[Brief descriptive captions]
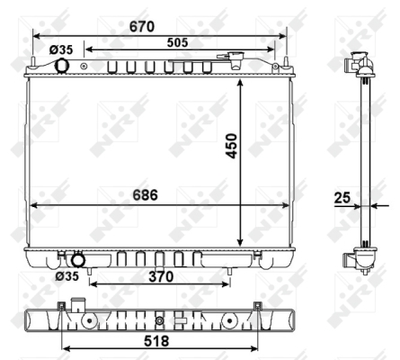 Радиатор, охлаждение двигателя WILMINK GROUP WG1723369 для NISSAN NAVARA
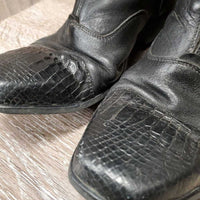 Square Toe Dress Boots, zips, Alligator tops & toes, 2 black plastic forms *vgc, clean, folded foot
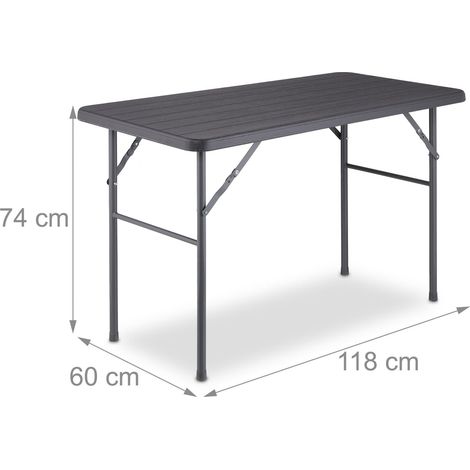 Tavolo da giardino rettangolare moderno per 4 persone 150 x 90 x 75 cm in plastica grigia 130012917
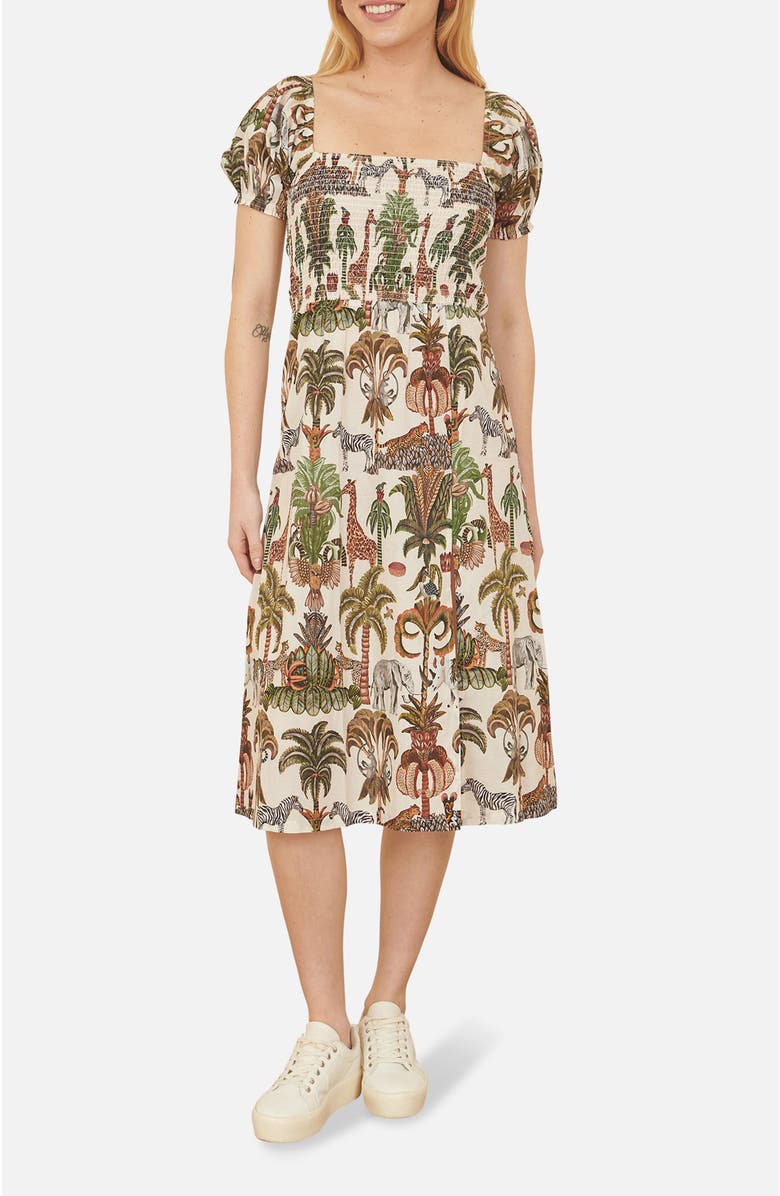 Yumi Cotton Safari Print Ruched Midi Dress, Alternate, color, Multi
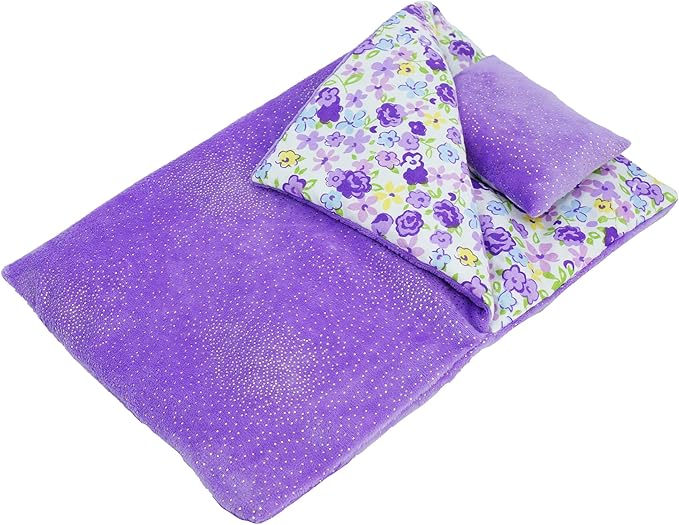 June Garden Cozy Dream Reversible Doll Sleeping Bag - 2-Piece Playset Doll Accessory with Pillow - Fits 14" American Girl Dolls - Gifts for Girls 2 3 4 Year Old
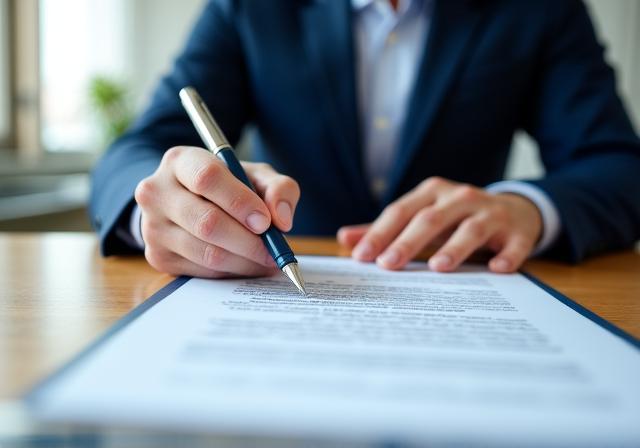 Close up of a professional signing a legal B2B contract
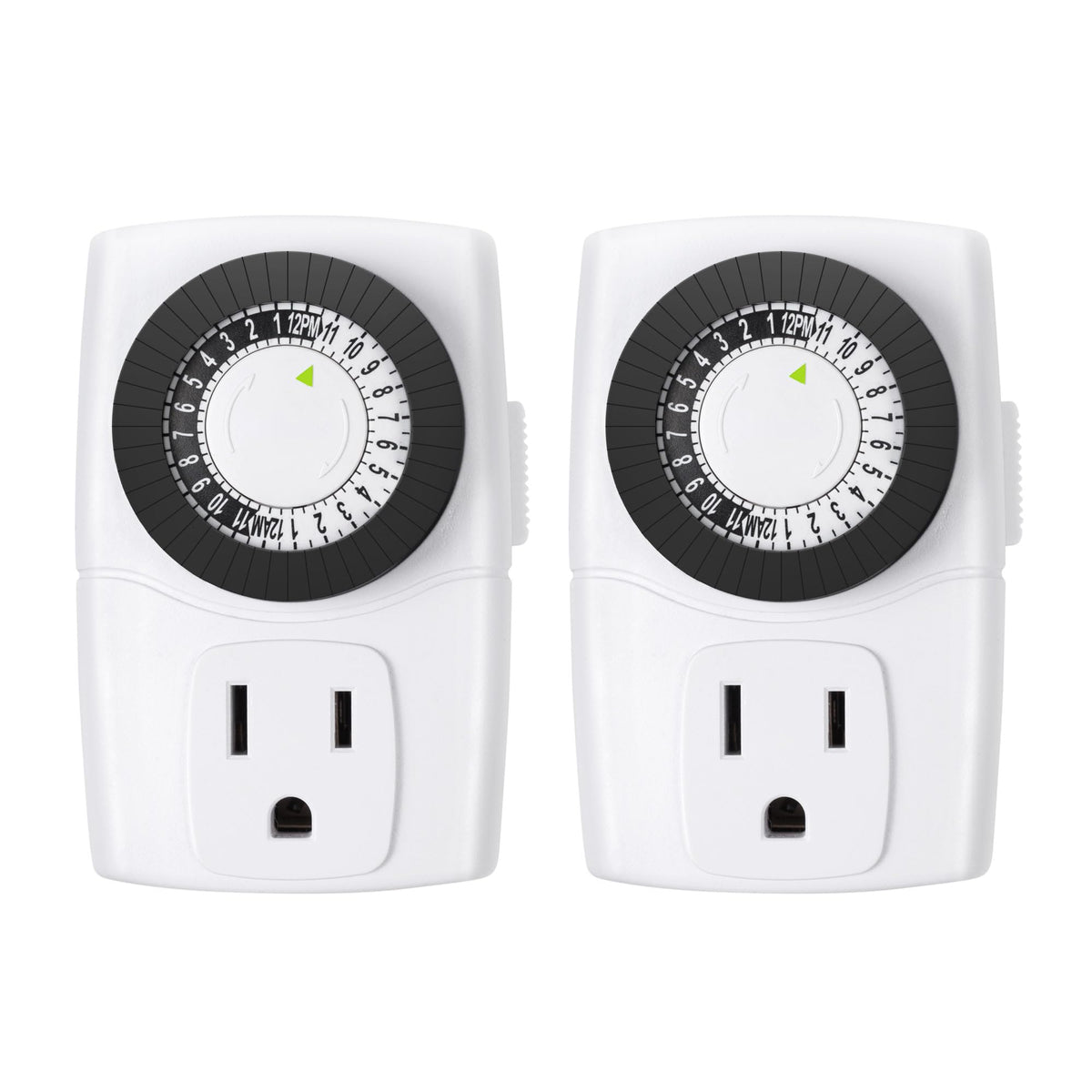 BN-LINK BND-60/U47 Indoor Mini 24-Hour Mechanical Outlet Timer, 3-Prong, 2-Pack 🍁 All In One Marketplace Canada
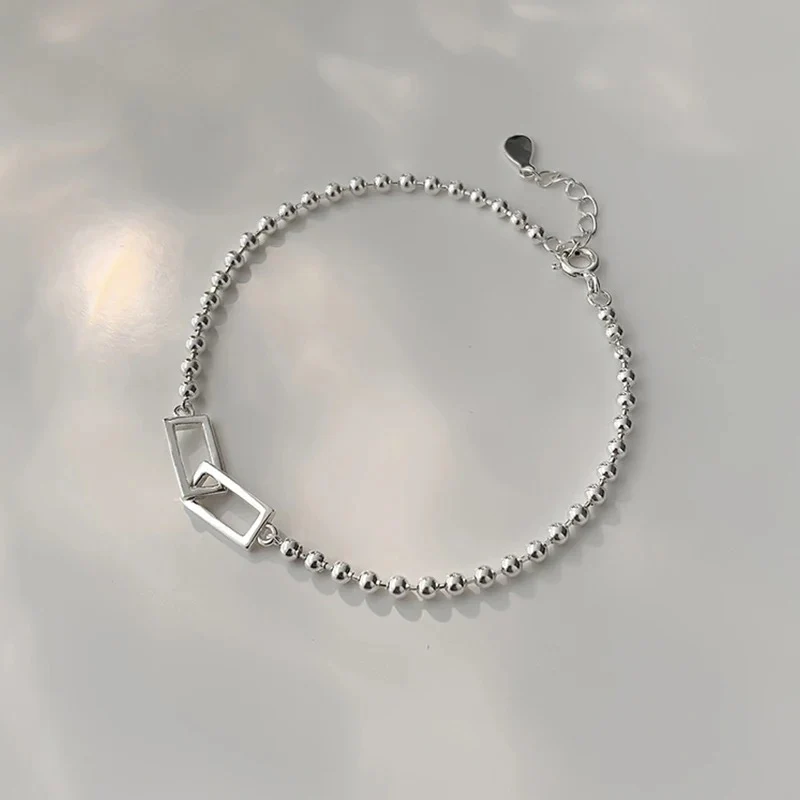 Sterling Silver Geometric Square Beads Bracelet - Image 3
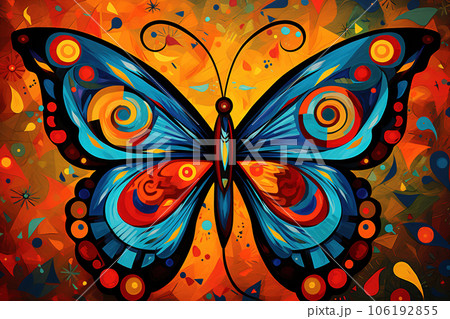 Abstract butterfly painting in the style of pablo picasso. Insect. Animals art. Illustration, Generative AI. Abstract butterfly painting in the style of pablo picasso. Insect. Animals art. Illustration, Generative AI. 106192855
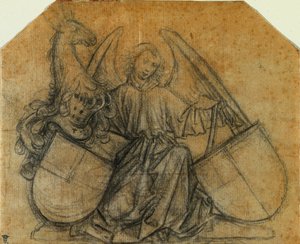 Un ángel sosteniendo dos escudos de attributed to Nikolaus Gerhaert von Leyden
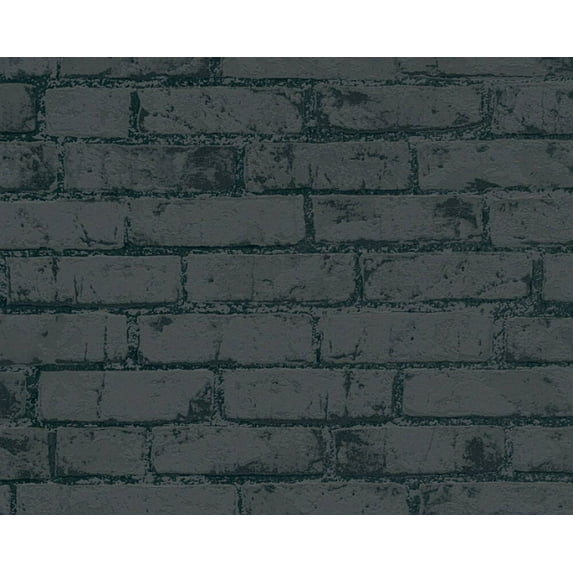 Sample for display purpose only.Concord Wallcoverings Textured Wallpaper Faux Cottage Featuring Bricks Wall, Black Metallic , 7 In x 10 In, 907882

▶ **TASK DIRECTIONS**
What is needed is an exact copy of only the lines above from the one with "Yumi Cotton Safari" to the one with "Sterling Silver Geometric", both kept, with every picture left out.

▶ **RESPONSE**
 Yumi Cotton Safari Print Ruched Midi Dress, Alternate, color, Multi
 June Garden Cozy Dream Reversible Doll Sleeping Bag - 2-Piece Playset Doll Accessory with Pillow - Fits 14" American Girl Dolls - Gifts for Girls 2 3 4 Year Old
 Close up of a professional signing a legal B2B contract
 BN-LINK BND-60/U47 Indoor Mini 24-Hour Mechanical Outlet Timer, 3-Prong, 2-Pack 🍁 All In One Marketplace Canada
 Sterling Silver Geometric Square Beads Bracelet - Image 3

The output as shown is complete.